Up to this point Graide has been aimed solely at higher education institutions, but it could potentially be even more effective in schools. Answers to university assessments are often variable and long, and and require lots of detailed feedback, but in secondary education and earlier, answers are less variable, shorter, and require less personalised feedback, which is a simpler problem for AI to solve.

An unintended upside of Graide is that there is inbuilt moderation for markers. Answers and feedback are shared across users which provides a “really nice learning opportunity”, and maintains a level of consistency in marking. It’s then much easier to spot, and correct, rogue habits in individual markers.

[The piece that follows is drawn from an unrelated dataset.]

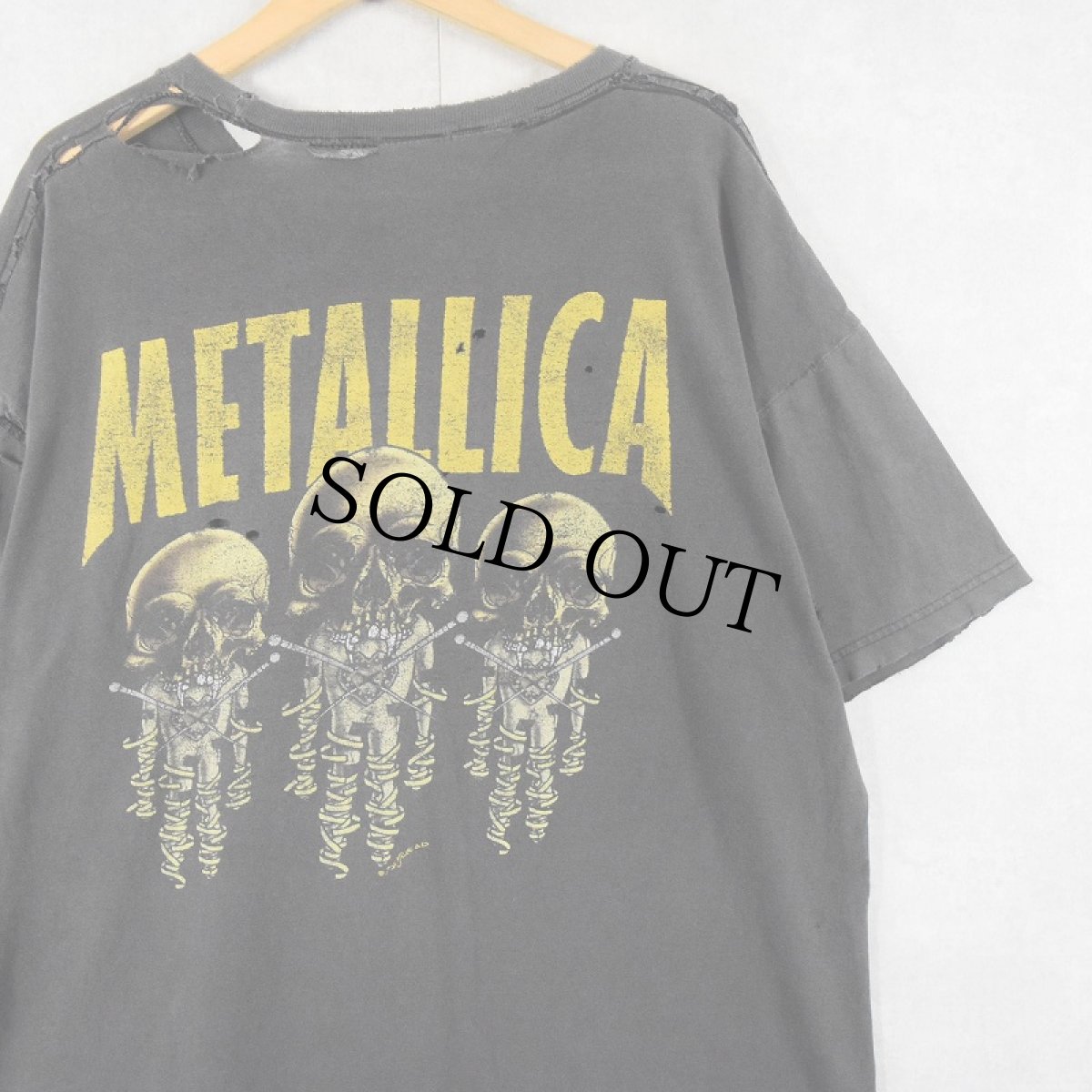 画像2: METALLICA × PUSHEAD ヘヴィメタル・バンド プリントTシャツ BLACK (2)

Of course, all of this is highly applicable to STEM subjects that have relatively objective assessments with concrete answers, but what about the arts and humanities? Are long essay teachers doomed to laborious marking for evermore?

Manjinder says no, that 6 Bit Education wants to expand into every subject, right up to the longest-form answers. He also thinks that non-STEM students are just as capable of automating processes as his team with their tech and coding backgrounds – the only difference is a lack of exposure to automation systems.

“Coding literally is just another language, but I think it has the added benefit of there being no interpretation. With english, you write a sentence, you put a comma in the wrong place, and all of a sudden the sentence says something completely different. If you put a comma in the wrong place in the code, it doesn’t work. That kind of structure is quite useful.

“It’s not this super high level stuff. I genuinely think everybody can code. For me, it’s like, english, maths, code; they’re all languages. The more the more versatile you are with those languages, the more things you can do.”